Image-caption web data
§ §

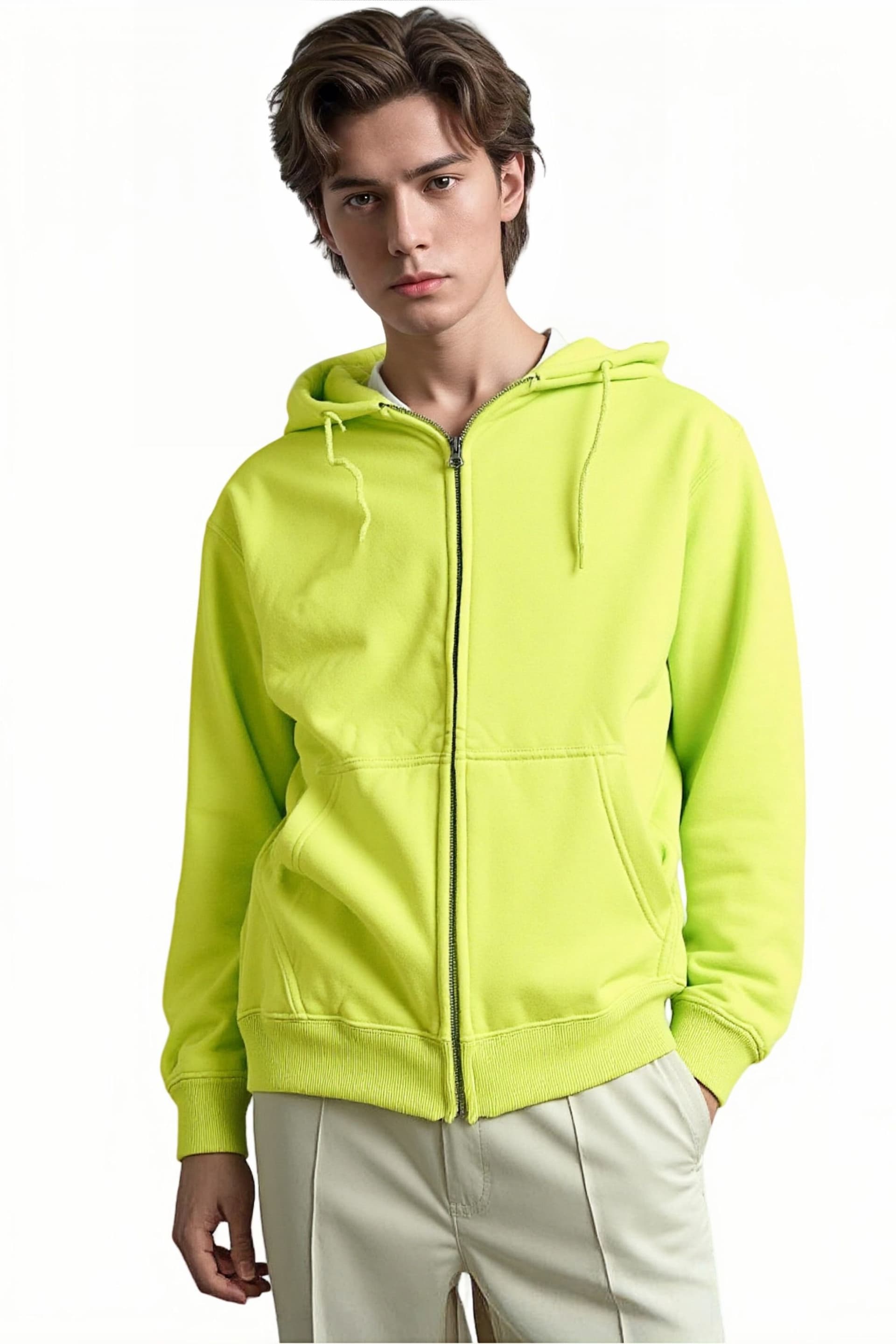 SweetLook SweetLook Men's Plain Full Zip Up Polyester Hoodies for Men Uk in Bright Yellow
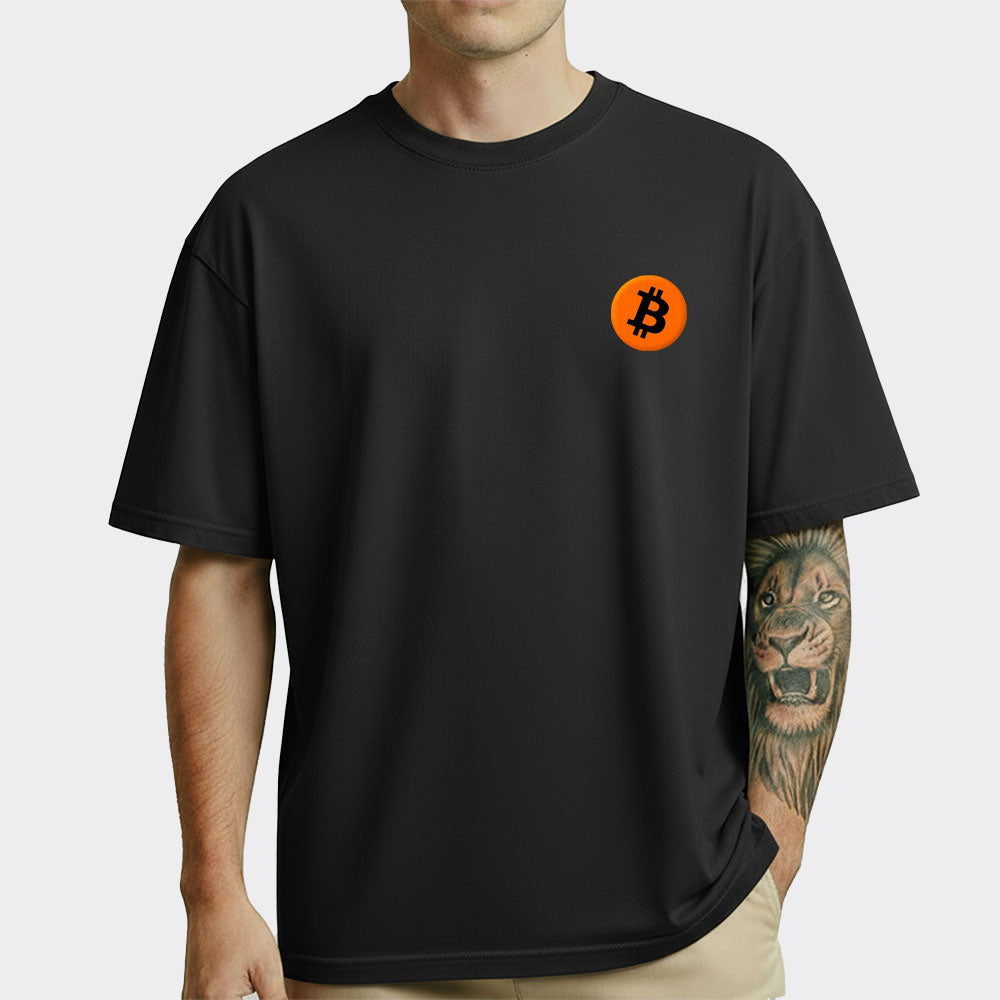 Black t-shirt with Bitcoin logo on a white background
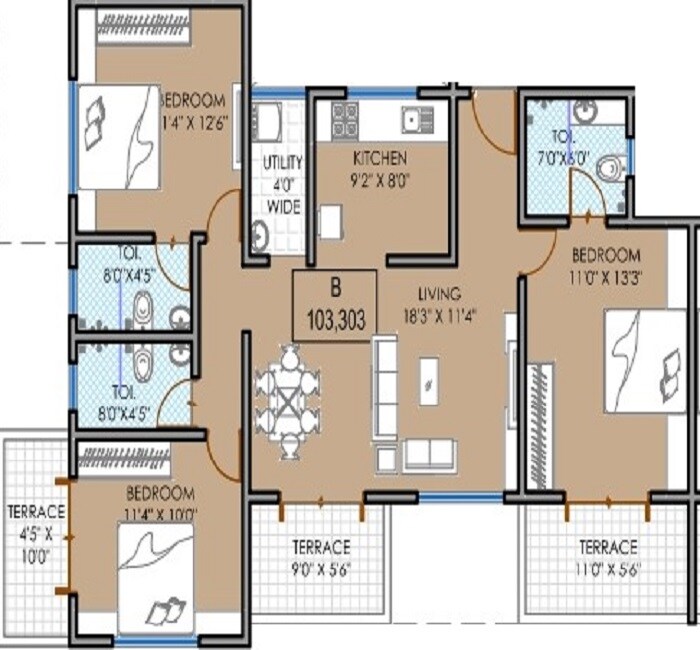 Floor plan of 3 BHK 838 Sq. Ft. Apartment in Namrata Shrinagari, Pune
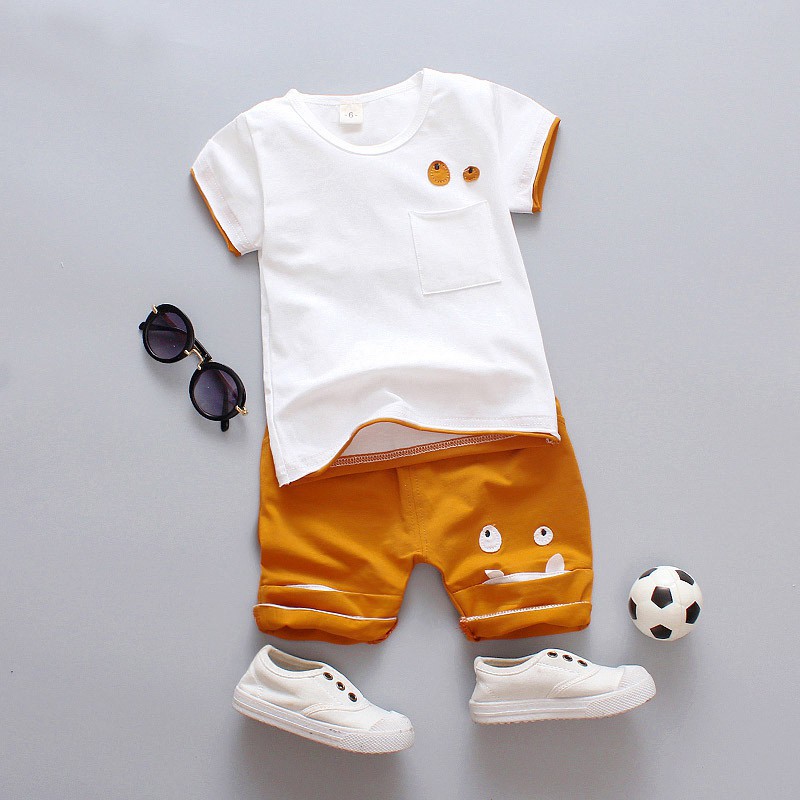 Set áo sơ mi ngắn tay có túi + quần short đáng yêu cho bé trai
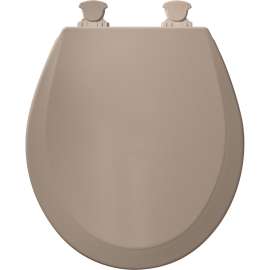 Wood Round Toilet Seat in Fawn Beige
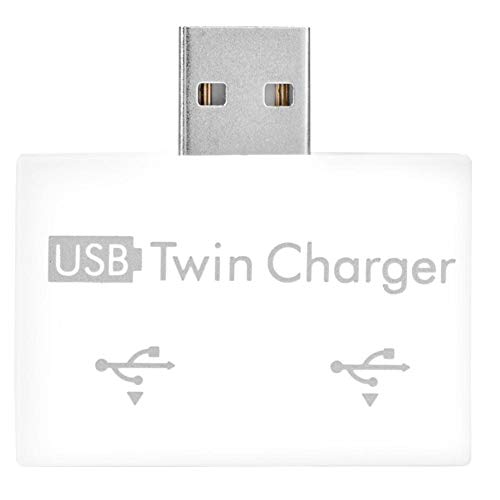 143 Hub USB, Hub USB2.0 Macho a 2 Puertos USB Cargador Doble Divisor Adaptador multipuerto Convertidor de concentrador de Red Concentrador de Datos portátil para computadora portátil(Blanco)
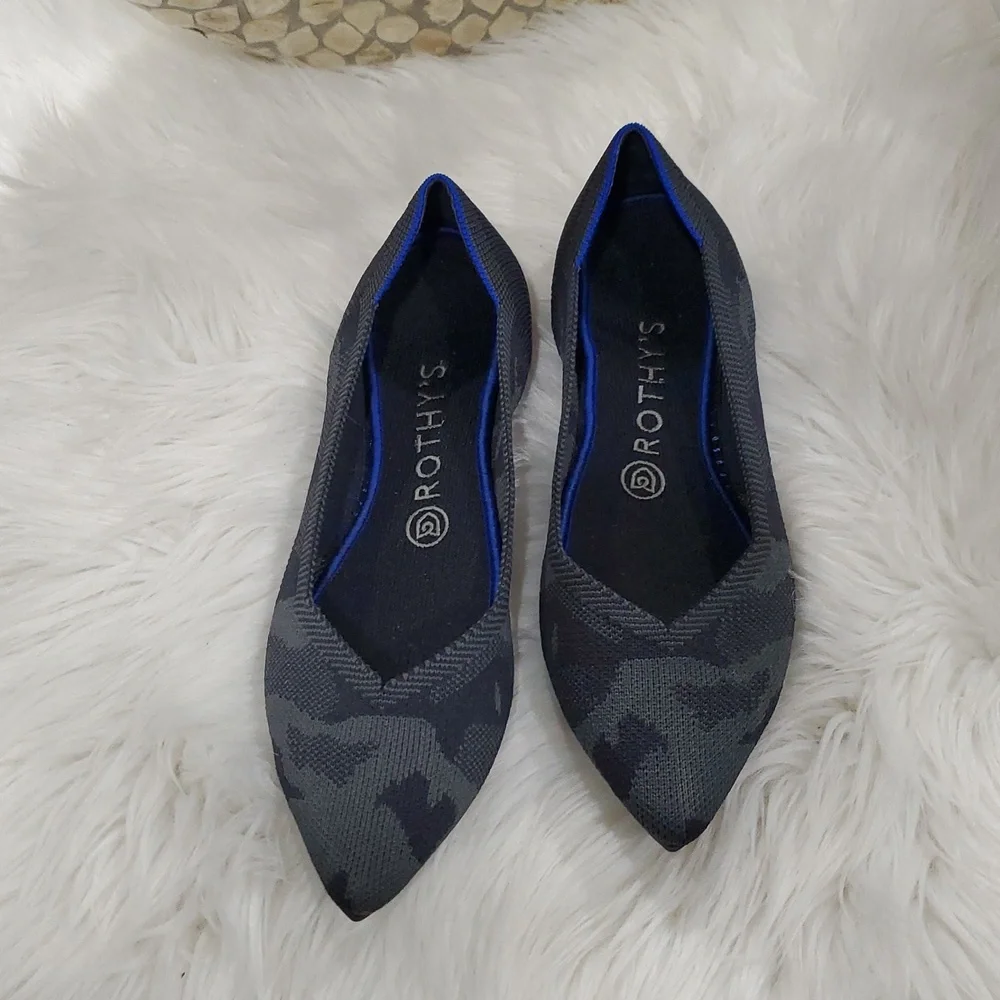 Rothy's The Point  Gray Camo  Flats with Sleek Pointed Toe and Blue Trim - Picture 8 of 16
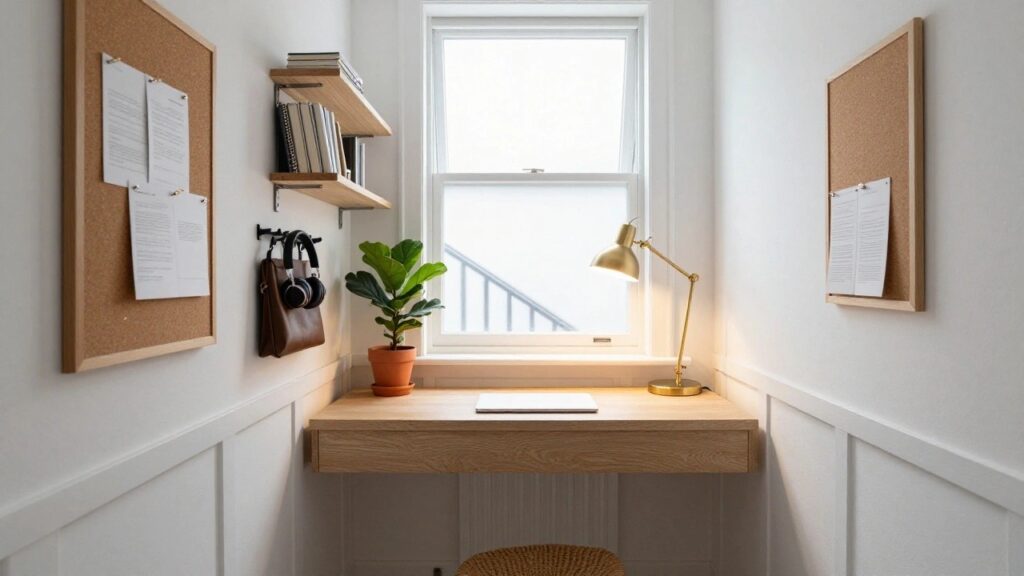 18 Hallway Office Ideas That Squeeze Style Into Small Spots Narrow wooden desk with open laptop in a white-walled hallway alcove, gold desk lamp lit, pegboard holding black headphones, wooden shelf with books above, corkboard with notes, potted plant on windowsill, and view of stairs outside.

§ §

WHAT TO WORK ON:
Please return only the lines from the top of the data through the line with "Rothy's The Point", exactly as written, and drop every picture.

RESULT BELOW:
 SweetLook SweetLook Men's Plain Full Zip Up Polyester Hoodies for Men Uk in Bright Yellow
 Black t-shirt with Bitcoin logo on a white background
 Floor plan of 3 BHK 838 Sq. Ft. Apartment in Namrata Shrinagari, Pune
 Set áo sơ mi ngắn tay có túi + quần short đáng yêu cho bé trai
 Wood Round Toilet Seat in Fawn Beige
 143 Hub USB, Hub USB2.0 Macho a 2 Puertos USB Cargador Doble Divisor Adaptador multipuerto Convertidor de concentrador de Red Concentrador de Datos portátil para computadora portátil(Blanco)
 Rothy's The Point  Gray Camo  Flats with Sleek Pointed Toe and Blue Trim - Picture 8 of 16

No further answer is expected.